I came across an algebraic manipulation which I don't understand. Maybe someone can explain it to me.
For a fixed $x\in\mathbb{R}$ we are given the integral: $$\frac{1}{\pi}\int\limits_{-\pi}^{\pi}f(x+u)D_n(u)du,$$ where $f:\mathbb{R}\to\mathbb{R}$ is a $2\pi$-periodic function which is Riemann-integrable over $[-\pi,\pi]$. $D_n(u)$ is the $n$-th Dirichlet-kernel.
Our professor did the following manipulations where he substituted $u=-v$:
$$\frac{1}{\pi}\int\limits_{-\pi}^{\pi}f(x+u)D_n(u)du\underset{\text{substitution}}{=}\frac{-1}{\pi} \int\limits_{\pi}^{-\pi}f(x-v)D_n(-v)dv =\frac{1}{\pi} \int\limits_{-\pi}^{\pi}f(x-v)D_n(v)dv.$$
Where does the $-1$ in the fraction after the first equal sign come from?

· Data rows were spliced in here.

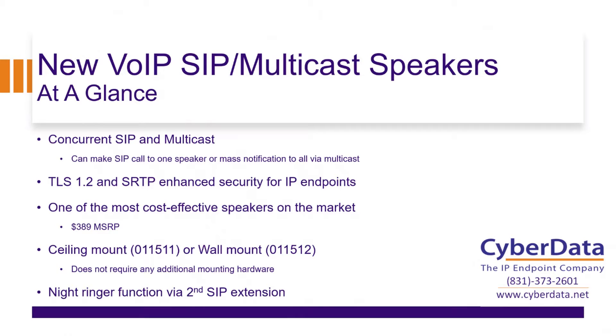Like any other CyberData SIP speaker or any other CyberData SIP product, these are going to feature the second extension that we refer to as a night ringer — that kind of loud ringer, that additional ringing extension.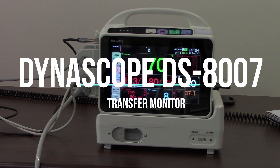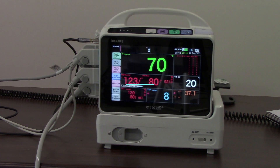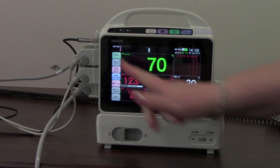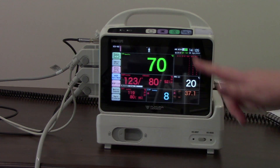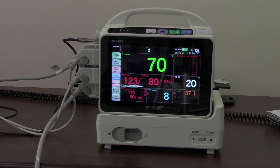Welcome to this short training session on the DS8007 transfer monitor. We are going to look at the keys along the top of the monitor, then have a look at some of the user keys and some of the parameter functions as well.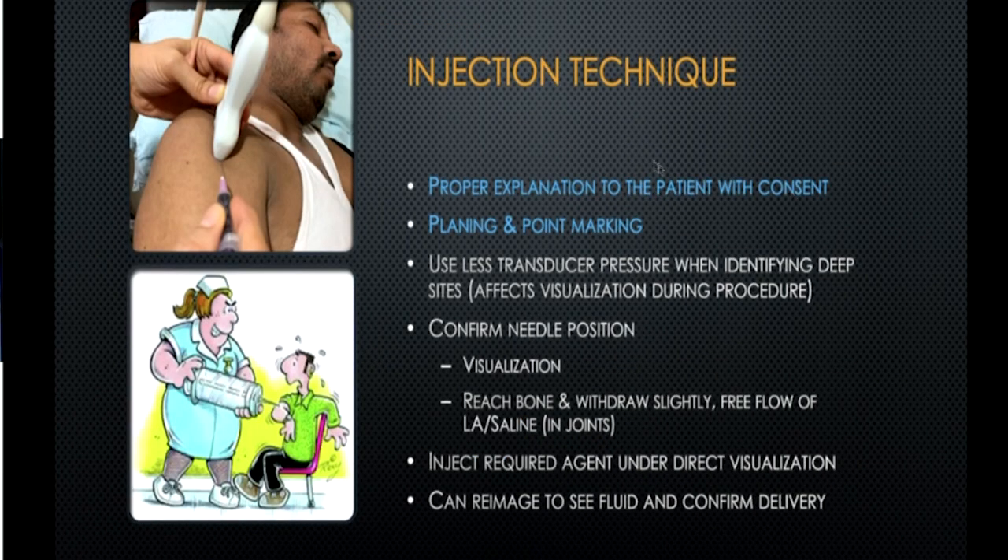Whenever you are injecting, always review the MRI, X-ray, or scan of the patient and confirm where you will be injecting. Explain whatever complications may happen and take consent. Planning and point marking are very important — if you're not sure where you're going, take a marker and mark exactly where the needle will enter. Most of the time, perform the injection in supine position to avoid vasovagal syncope.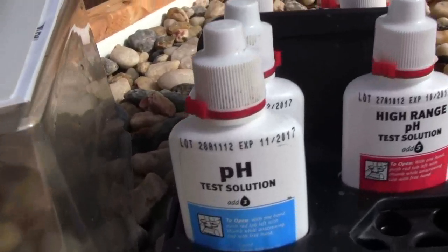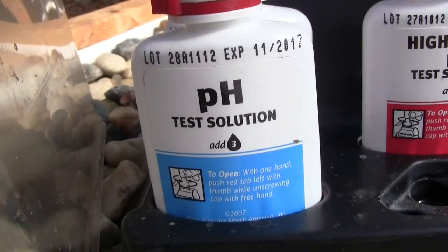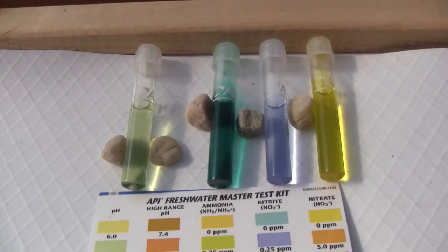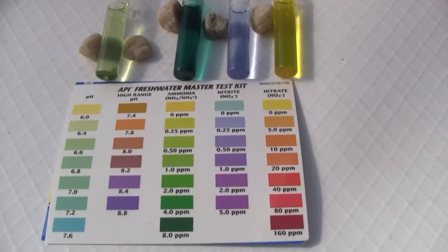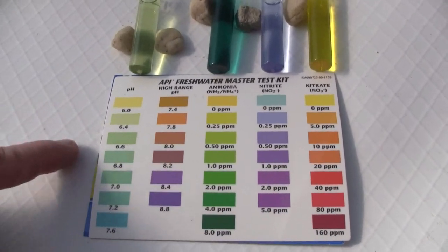Here are the test kit solutions, and like it says on the label, for this one — the pH test solution — add three drops. The four vials, you fill them up to the white line, you add the correct number of drops, and you get a different color. Then you review the chart and match the color in the vial to the color on the chart.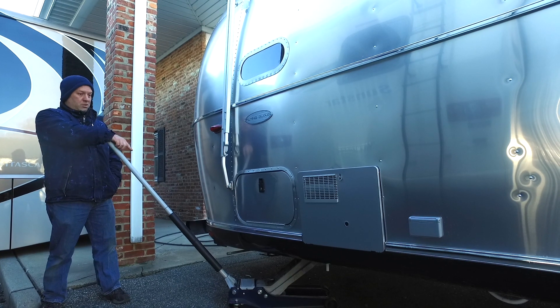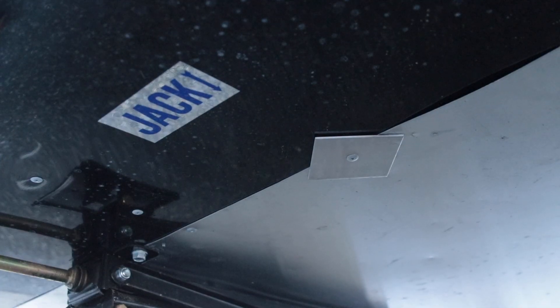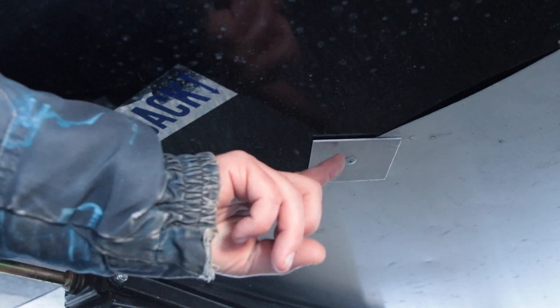When jacking up the trailer, you want to make sure you don't put the jack on the sticker. The sticker is just referencing where to put your actual jack, which is that piece of metal that's riveted to the frame.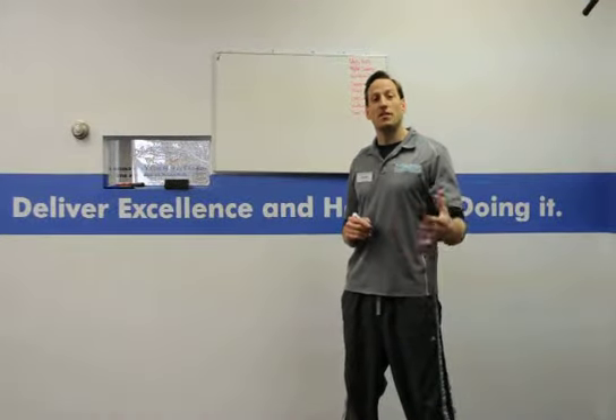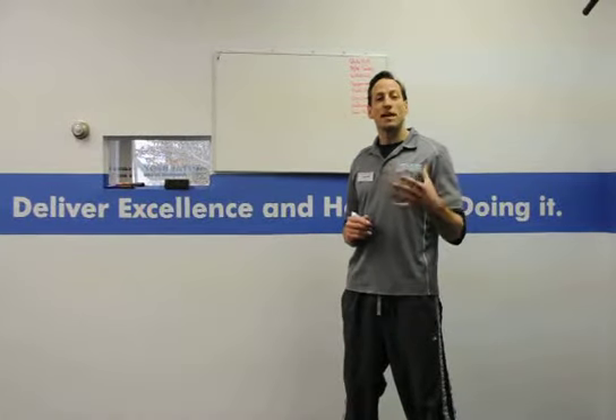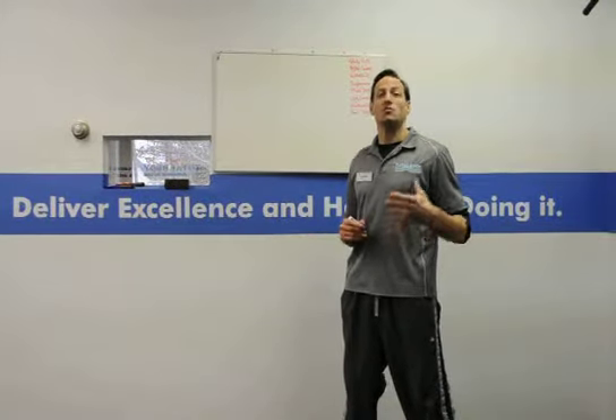Hey, this is Billy Hofacker. I am a strength and conditioning coach as well as a Brazilian Jiu-Jitsu black belt. I have a great tip for you today. It's a simple tip, but it's really effective.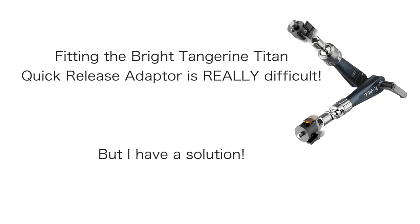I found fitting the Bright Tangerine Titan Quick Release Adapter really difficult, but I have a solution.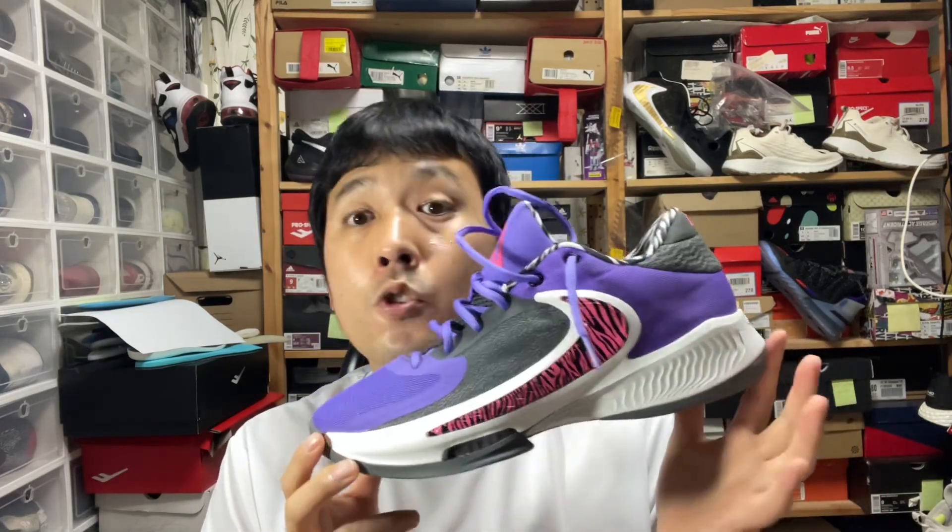Hi, this is Hugh with a review of the Zoom Freak 4. I wasn't a big fan of the Zoom Freak series. I love the player, but the shoes weren't that great.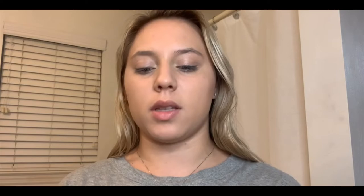Next up is the Too Faced natural face palette. I use pink sand - it is my all-time favorite blush and I pretty much use it every single day, including meet days. You just put a decent amount on but not too much, then rub it in with your hands so it's nice and blended without looking like pink streaks on your face.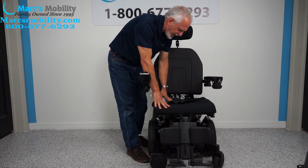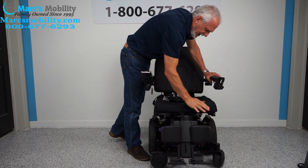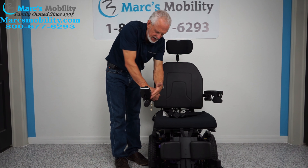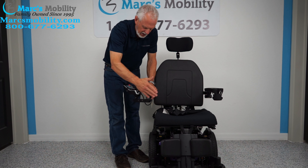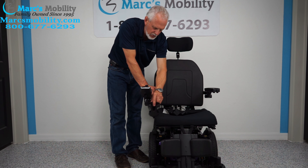It's not a real thick cushion — only about a two and a half inch cushion. Some people like that so they're lower down, but if you need a thicker cushion we can help you with that. The joystick is on the right. It is a swing-away joystick and you can get a lot closer to the table with a swing-away joystick. If you're left-handed, we can put the joystick on the left and put the cup holder on that side.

When I did the manipulation I got:
$$\frac{1}{\pi}\int\limits_{-\pi}^{\pi}f(x+u)D_n(u)du\underset{\text{substitution}}{=}\frac{1}{\pi} \int\limits_{\pi}^{-\pi}f(x-v)D_n(-v)dv =\frac{-1}{\pi} \int\limits_{-\pi}^{\pi}f(x-v)D_n(v)dv.$$